Enviada em 15/02/2022

Na obra pré-modernista “Triste Fim do Policarpo Quaresma”, de Lima Barreto, o Major Quaresma, acreditava que se superados alguns desafios, o Brasil alcançaria o patamar de nação desenvolvida. De literetura à realidade, contudo, ao observar a desvalorização das ciências humanas no Brasil, percebe-se que esse assunto possui entraves para ser reverberado na comunidade. Nesse sentido, é importante analisar a negligência estatal e a importância da educação.

A priori, é fulcral ressaltar que a omissão da governança acerca da educação agrava essa problemática. Sob esse viés, vale ressaltar o Pacto Social do contratualista John Rawls, ao inferir que o Estado deve garantir os direitos imprescindíveis aos indivíduos. No entanto, é evidente que tal prerrogativa não se reverbera no Brasil, na qual, o governo tende a reduzir investimentos em áreas vitais para a evolução da sociedade, podendo atenuar o pensamento crítico da população acerca de determinadas questões. Assim, a ineficácia estatal fere os princípios propostos por Rawls e, ao mesmo tempo prejudica o ensino brasileiro.

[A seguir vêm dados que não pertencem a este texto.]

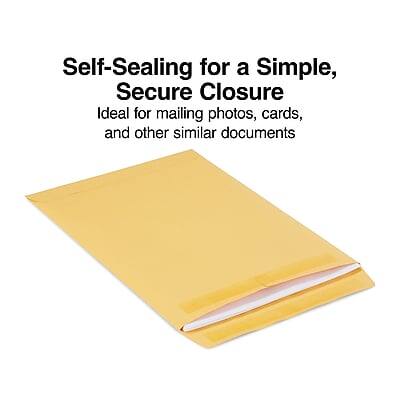 Self-Sealing for a Simple, Secure Closure  
Ideal for mailing photos, cards, and other similar documents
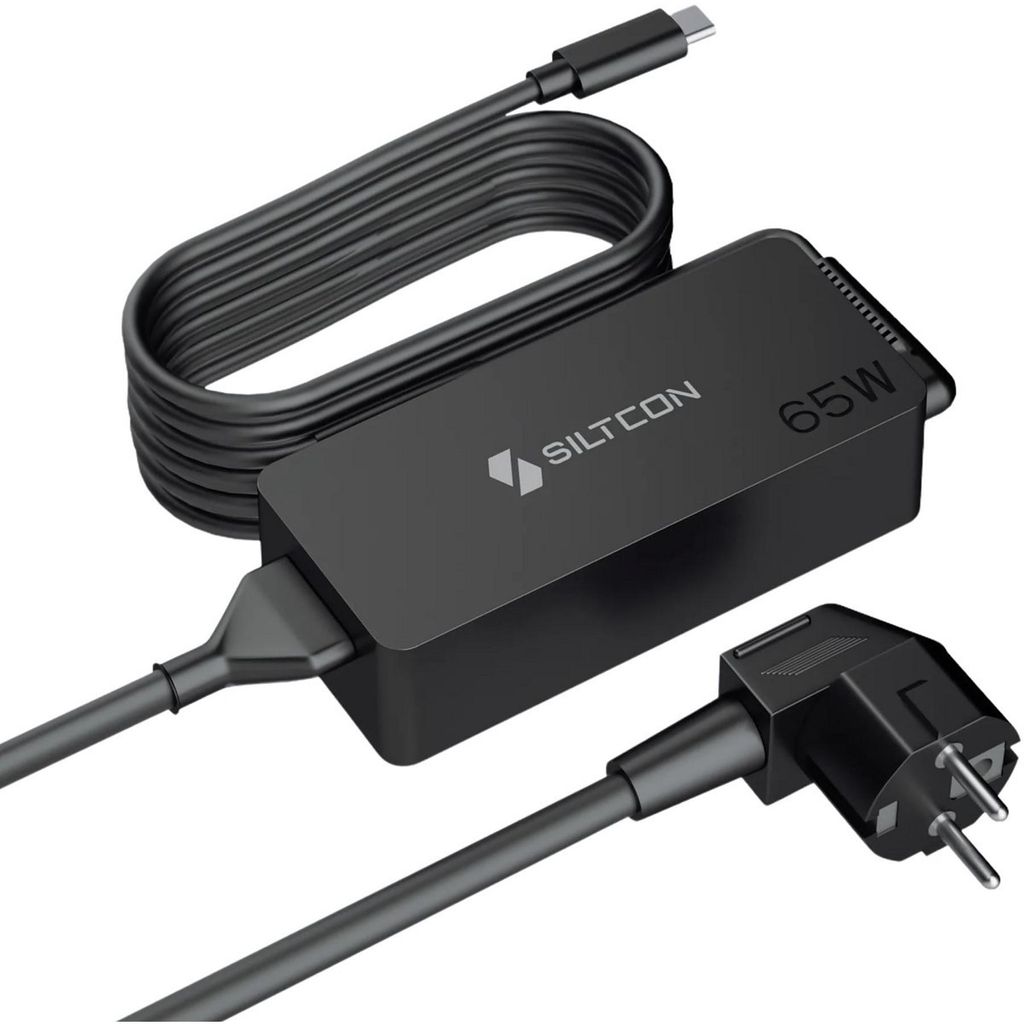 Siltcon® USB-C Laptop-Ladegerät 65W – Universal mit 3m Produktbild 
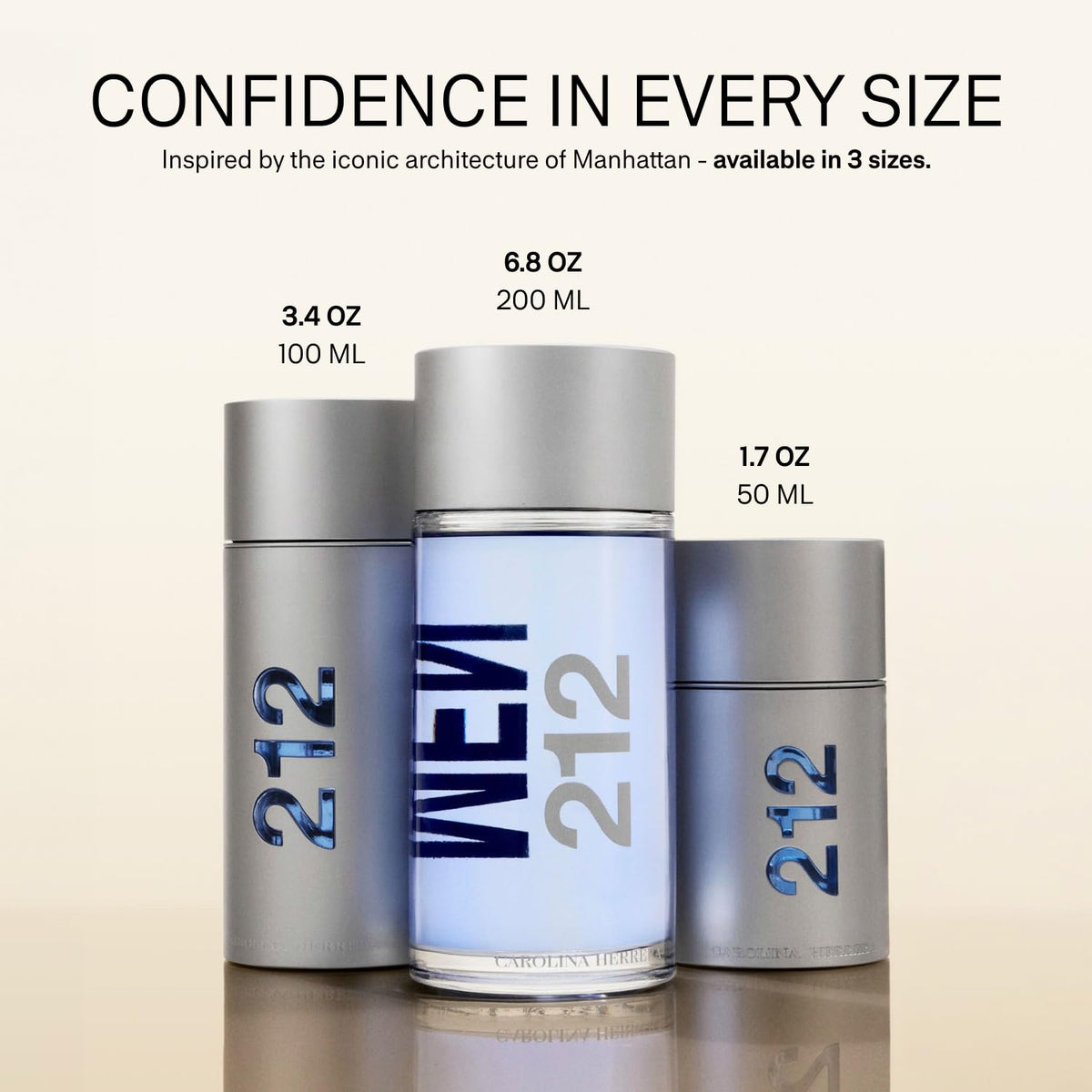 Carolina Herrera 212 Men Eau De Toilette 3.4oz/100ml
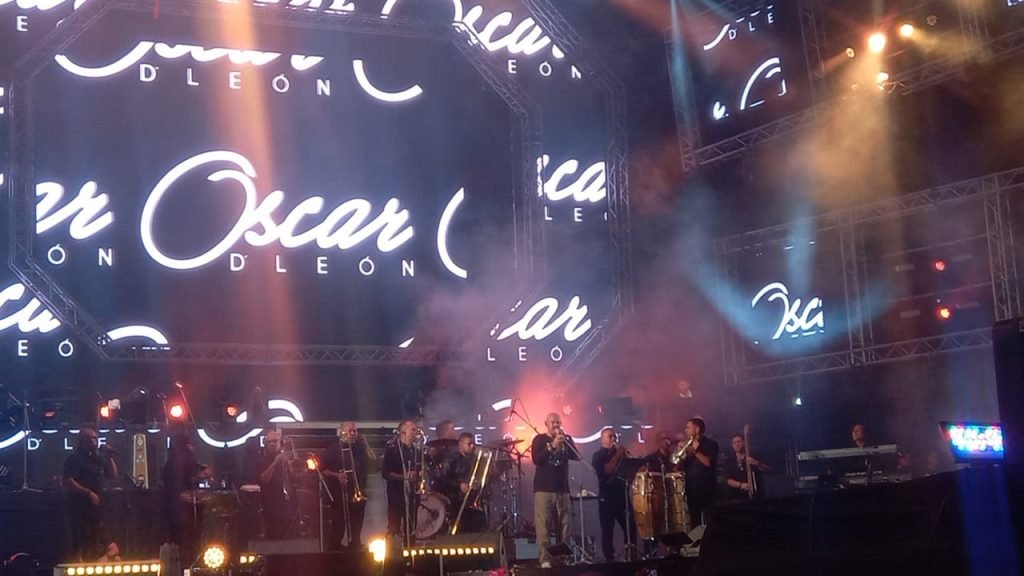 Oscar d leon en las Ferias de barquisimeto 2023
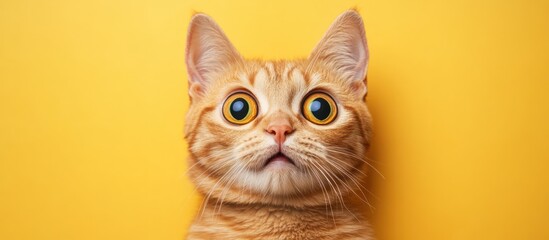 Close up portrait of an adorable green-eyed kitten looking curious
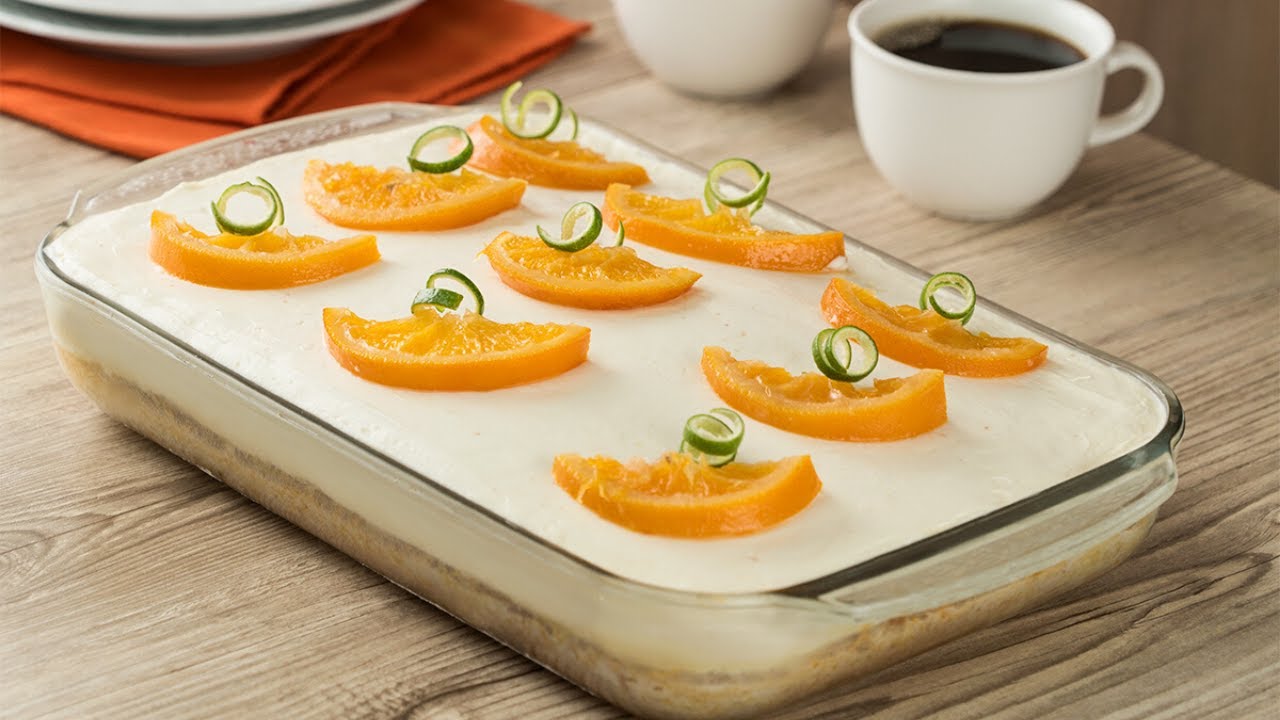 Pastel de Tres Leches con Naranja en Refractario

Outrossim, é fato notório que o corte de verbas às áreas das ciências humanas acarreta um problema para todas as outras áreas do conhecimento. Sob esse enfoque, aluda-se ao pensamento de Paulo Freire, “se a educação não transforma a sociedade, sem ela tampouco a sociedade muda”. Nessa perspectiva, elucida-se a importância da ensinança para a progressão de uma sociedade, na qual, as ciências humanas além de apresentar a história evolutiva das civilizações, representa as lutas , revoltas, pensamentos e ações das gerações passadas, que de certa forma afeta direta ou indiretamente geração atual. Desse modo, não é inesperado que o Brasil, -apesar de almejar tornar-se nação desenvolvida- persista em não valorizar a ensinança de modo benevolente.

Dessarte, fica evidente a necessidade das ciências humanas para a população. Logo, cabe ao Governo Federal, por meio de projetos e incentivos, reverter os cortes financeiros nessa área da educação, e por meio das mídias sociais, incentivar as pessoas sobre a importância de tal área, com a finalidade de que as mesmas busquem mais conhecimento sobre o assunto. Em vista da concretização dessas ações, o Brasil se aproximará da idealização do Policarpo.